- _THE PROBLEM_
Return exactly the lines of the data below, from the one that contains "Tommy Hilfiger Court" through the final line, and leave out every picture.

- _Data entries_
=====

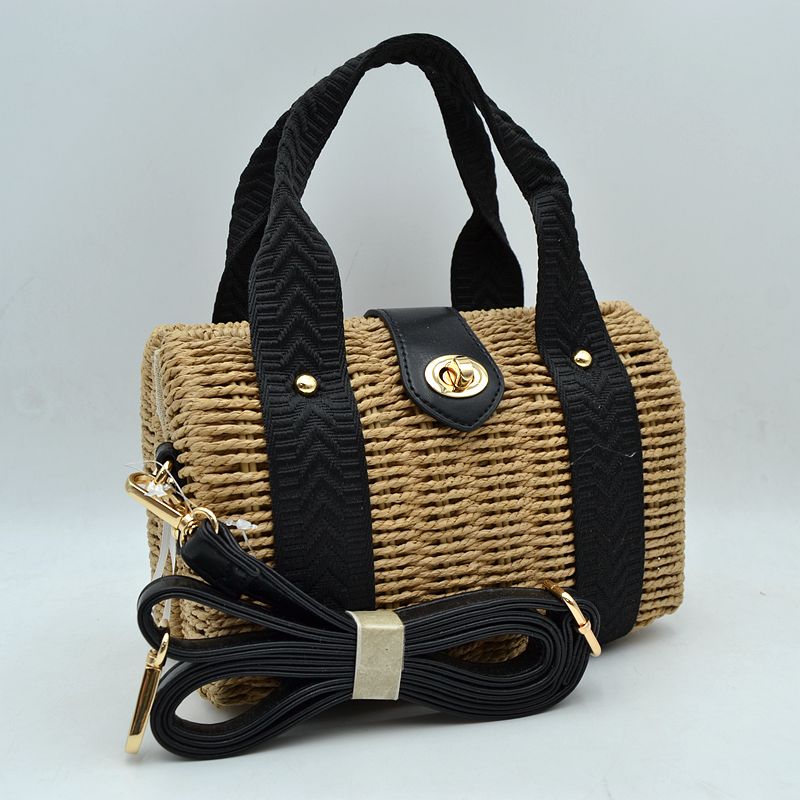 Natural Straw Fabric Strap Trim Bag T3509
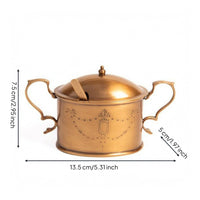Ornate Brass Canister Tabletop Display Decorative Brass Jar Lid for Storage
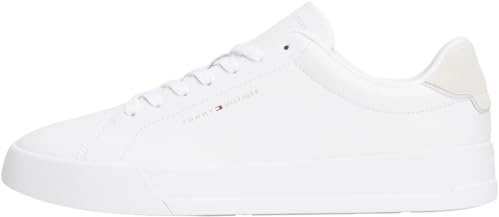 Tommy Hilfiger Court Sneaker Mujer Detail Essential de Piel, Blanco (White/Desert Sky), 45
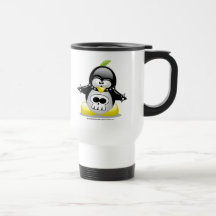Pingüino del eje de balancín punky tazas de café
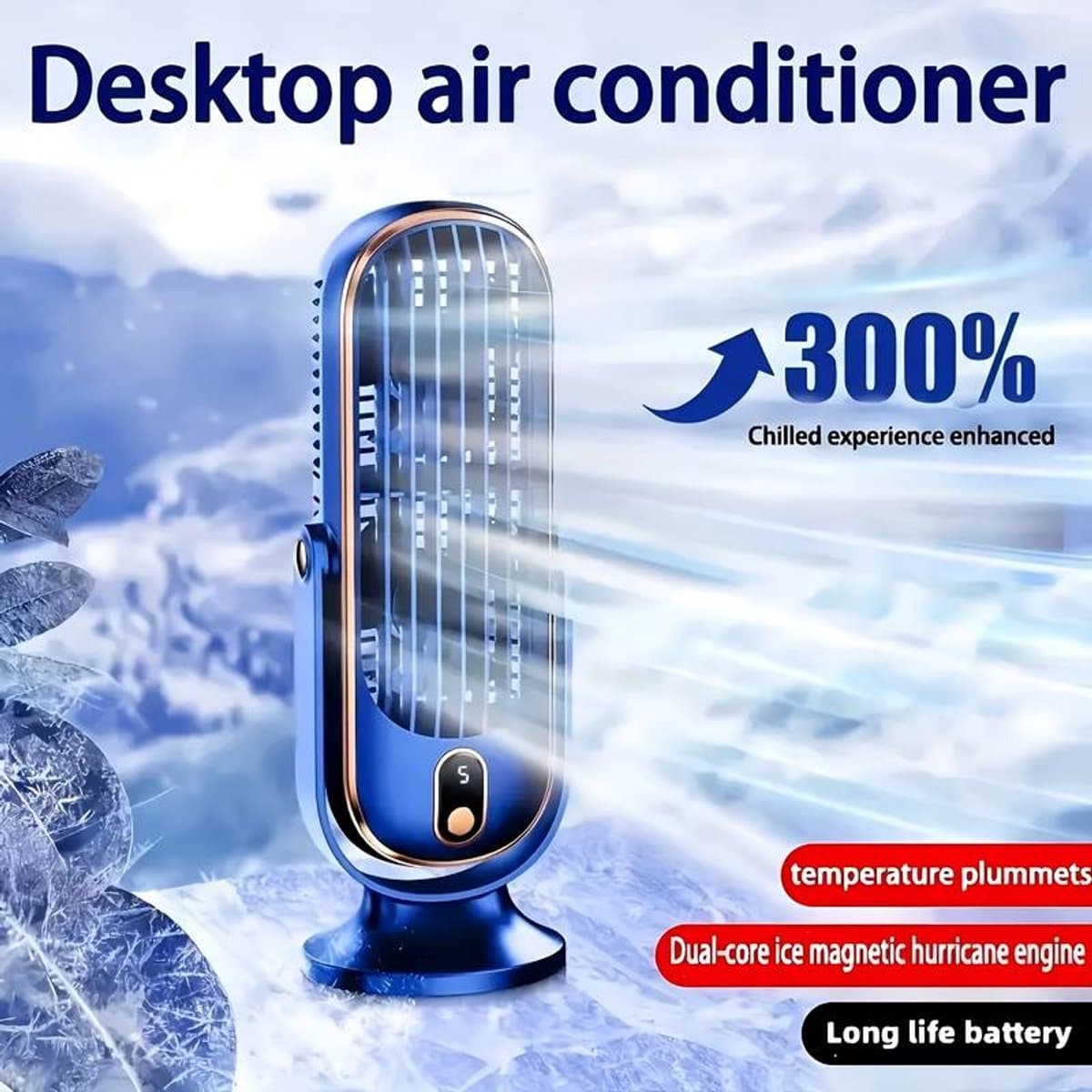Draagbare Bureau Koeler - Grote Batterij Dubbele Motor Huishoudelijke Kleine Luchtkoeler, USB Oplaadbaar, 5-Snelheden Lucht Koelventilator 720 Graden Surround Luchtblazer, Kantoor, Toerisme, Camping, Outdoor RV Draagbare USB Ventilator — afbeelding 1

=====

- _YOUR RESPONSE_
 Tommy Hilfiger Court Sneaker Mujer Detail Essential de Piel, Blanco (White/Desert Sky), 45
Pingüino del eje de balancín punky tazas de café
Draagbare Bureau Koeler - Grote Batterij Dubbele Motor Huishoudelijke Kleine Luchtkoeler, USB Oplaadbaar, 5-Snelheden Lucht Koelventilator 720 Graden Surround Luchtblazer, Kantoor, Toerisme, Camping, Outdoor RV Draagbare USB Ventilator — afbeelding 1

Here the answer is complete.